Matt Gonzalez and Andrew Schoultz at Hosfelt Gallery’s 20th anniversary exhibition, San Francisco, September 10, 2016. Photo by Brad Bernhardt.

Initially working clandestinely, Schoultz collaborated on murals with artists Zara Thustra and Aaron Noble, in the Nob Hill and China Basin neighborhoods. Later, he painted solo murals in the Mission District. In 2000, he asked to be one of the artists working on the Clarion Alley Mural Project, which organized dozens of murals along a one block corridor between Valencia and Mission streets in a notoriously gritty alley. Schoultz’s approximately 600’ x 600’ mural “F#?KIN” Dot Com” was a commentary on the gentrification caused by the early tech bubble in San Francisco. The next year, under the mentorship of Ray Patlán, Schoultz painted a 12’ x 32’ mural “SF City Limits” along another Mission block, Balmy Alley. Patlán fostered anti-establishment sentiments, having once painted an anti-war mural in Saigon during the Vietnam War, while serving in the U.S. Army. Schoultz’s most well-known collaboration at the time was with Aaron Noble on 18th and Lexington Streets, the 34’ x 100’ mural “Generator”, was a mainstay of the urban vista for thirteen years.
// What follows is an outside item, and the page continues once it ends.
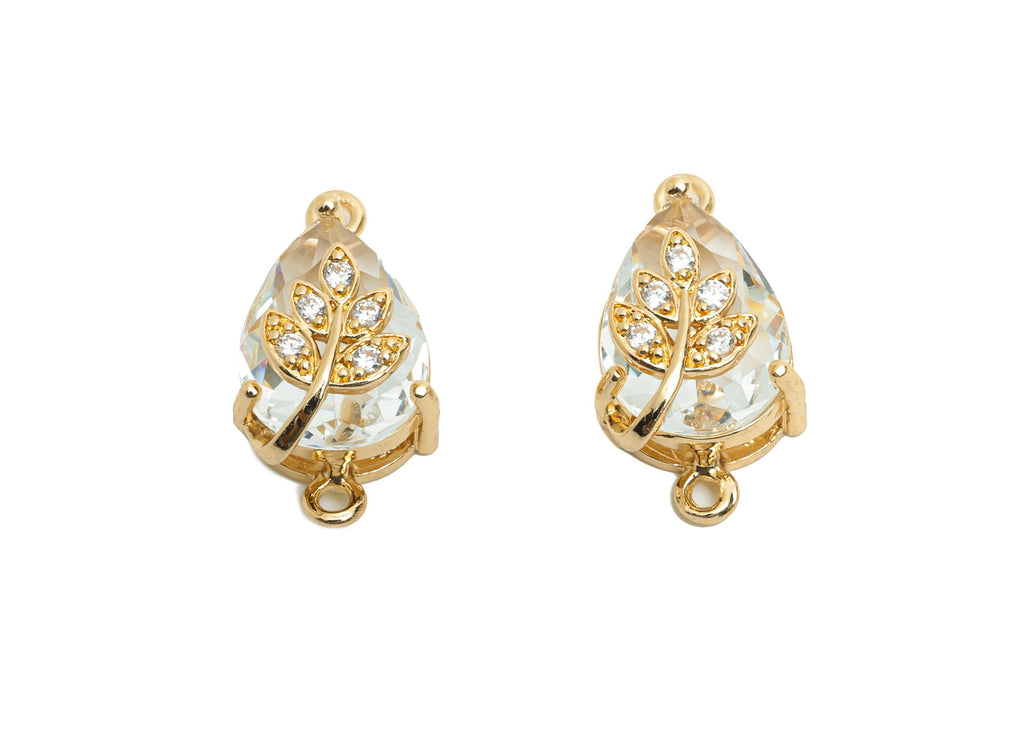 Teardrop Crystal Connector - Dainty Faceted Glass with Leaf Charm - Artisan Crystal Jewelry - KC Gold Plated - 20x11x10.57mm - GS1282 - DOMEDBAZAAR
Schoultz’s gallery exhibitions grew organically out of these engagements. Darryl Smith and Laurie Lazer of the Luggage Store Gallery, which had been a fomenting space for contemporary artists, took notice. They arranged to exhibit Schoultz’s work in a window of the front space they lived in on Haight Street near Webster Street, which would later be fully renovated and operated as an auxiliary gallery, along with their space 509 Cultural Center in the Tenderloin, where Schoultz also exhibited.
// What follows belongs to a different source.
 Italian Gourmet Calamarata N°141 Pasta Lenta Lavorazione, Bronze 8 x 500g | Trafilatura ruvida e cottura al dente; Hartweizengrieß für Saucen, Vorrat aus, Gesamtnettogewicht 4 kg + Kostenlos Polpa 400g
Like many of the artists in the scene, including Chris Johanson, who had shown at venues such as Cafe Picaro and Cafe Nidal in 1992 and 1997, respectively, Schoultz made opportunities happen wherever he could. His first art show at Cafe International, on Haight and Fillmore streets, presented approximately twenty artworks priced $100 to $200. Schoultz’s show sold out, which served as a big confidence boost. Though the prices were relatively modest, in the aggregate it paid the rent for a few months and gave Schoultz a belief in himself that all young artists need to keep developing.

Matt Gonzalez, Alicia McCarthy, and Andrew Schoultz at Hosfelt Gallery in San Francisco, August 4, 2022.

Schoultz became known for having an unparalleled work ethic. His output was prodigious, bordering on obsessively compulsive. Not because the work was easy to make; but rather, because he worked incessantly and had an attention to detail that highlighted his drawing ability. Slowly, his mark making became familiar, even ubiquitous.

Between 2000 and 2003 Schoultz was included in group exhibitions at Yerba Buena Center for the Arts, Southern Exposure, New Image Art (in Los Angeles), 509 Cultural Center, New Langton Arts, and Intersection for the Arts. In 2003, Schoultz travelled to Yogyakarta, Indonesia with Alicia McCarthy and others where they worked with the Apotik Komik collective on a six-week cross-cultural mural painting project. Schoultz’s panoramic world view and critique of globalization expanded and sharpened. Between 2000 and 2004 Schoultz had solo exhibits in Detroit, St. Paul, Santa Monica, Portland, and Culver City. San Francisco’s Bucheon Gallery, in the Hayes Valley neighborhood, gave him his first one-person gallery exhibition in 2004.

Twenty-five years after leaving Wisconsin, Schoultz is no longer a twenty-something year old kid with long hair. Living in Los Angeles since early 2014, he still skateboards and paints incessantly. But he has also matured; influenced by having a family of his own. With his wife, artist Hilary Pecis, and their son Apollo, he has learned to navigate the complex art world not just as an individual but as a family.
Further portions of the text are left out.